Link Search Menu Expand Document

Creating Categorical Variables

Many variables are categorical in nature. Each observation takes one of a set list of values, which are mutually exclusive. We may want to create these variables from raw data, assigning the category based on the values of other variables.

For example, we may create a simplified four or five-category race variable based on a self-reported open-ended “race” question on a survey. Or we may want to create income bins based on splitting up a continuous variable.

This page will explore how to consider a set of conditions and assigning a category based on those conditions. For example, maybe everyone with a value of birthplace == 'USA' and citizenship == 'USA' is in the ‘natural-born USA citizen’ category.

Keep in Mind

  • Make sure that the categories you’re going for are truly mutually exclusive, or you’ll have to figure out what to do with overlaps later when you find them!

Implementations

Python

We can use the filtering operation in pandas to only assign the categorical value to the rows that satisfy the condition.

import pandas as pd

# and purely for the dataset
import statsmodels.api as sm
mtcars = sm.datasets.get_rdataset('mtcars').data

# Now we go through each pair of conditions and group assignments,
# using loc to only send that group assignment to observations
# satisfying the given condition
mtcars.loc[(mtcars.mpg <= 19) & (mtcars.hp <= 123), 'classification'] = 'Efficient and Non-Powerful'
mtcars.loc[(mtcars.mpg > 19) & (mtcars.hp <= 123), 'classification'] = 'Inefficient and Non-Powerful'
mtcars.loc[(mtcars.mpg <= 19) & (mtcars.hp > 123), 'classification'] = 'Efficient and Powerful'
mtcars.loc[(mtcars.mpg > 19) & (mtcars.hp > 123), 'classification'] = 'Inefficient and Powerful'

There’s another way to achieve the same outcome using lambda functions.
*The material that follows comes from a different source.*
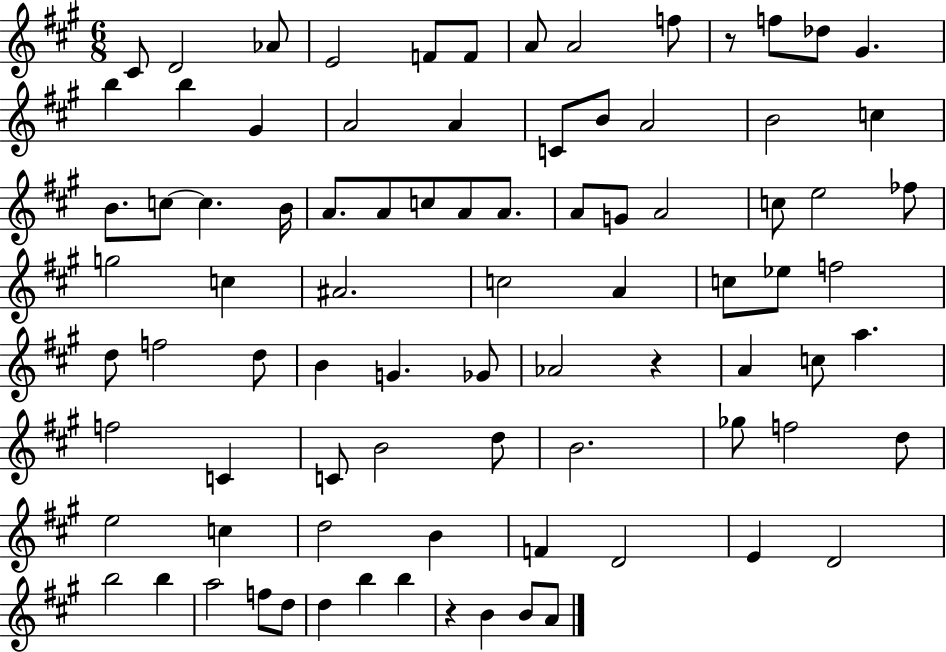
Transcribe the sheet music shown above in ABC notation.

In this case, we’ll create a dictionary of pairs of classification names and conditions, for example 'Efficient': lambda x: x['mpg'] <= 19. We’ll then find the first case where the condition is true for each row and create a new column with the paired classification name.

# Dictionary of classification names and conditions expressed as lambda functions
conds_dict = {
    'Efficient and Non-Powerful': lambda x: (x['mpg'] <= 19) & (x['hp'] <= 123),
    'Inefficient and Non-Powerful': lambda x: (x['mpg'] > 19) & (x['hp'] <= 123),
    'Efficient and Powerful': lambda x: (x['mpg'] <= 19) & (x['hp'] > 123),
    'Inefficient and Powerful': lambda x: (x['mpg'] > 19) & (x['hp'] > 123),
}

# Find name of first condition that evaluates to True
mtcars['classification'] = mtcars.apply(lambda x: next(key for
                                                       key, value in
                                                       conds_dict.items()
                                                       if value(x)),
                                        axis=1)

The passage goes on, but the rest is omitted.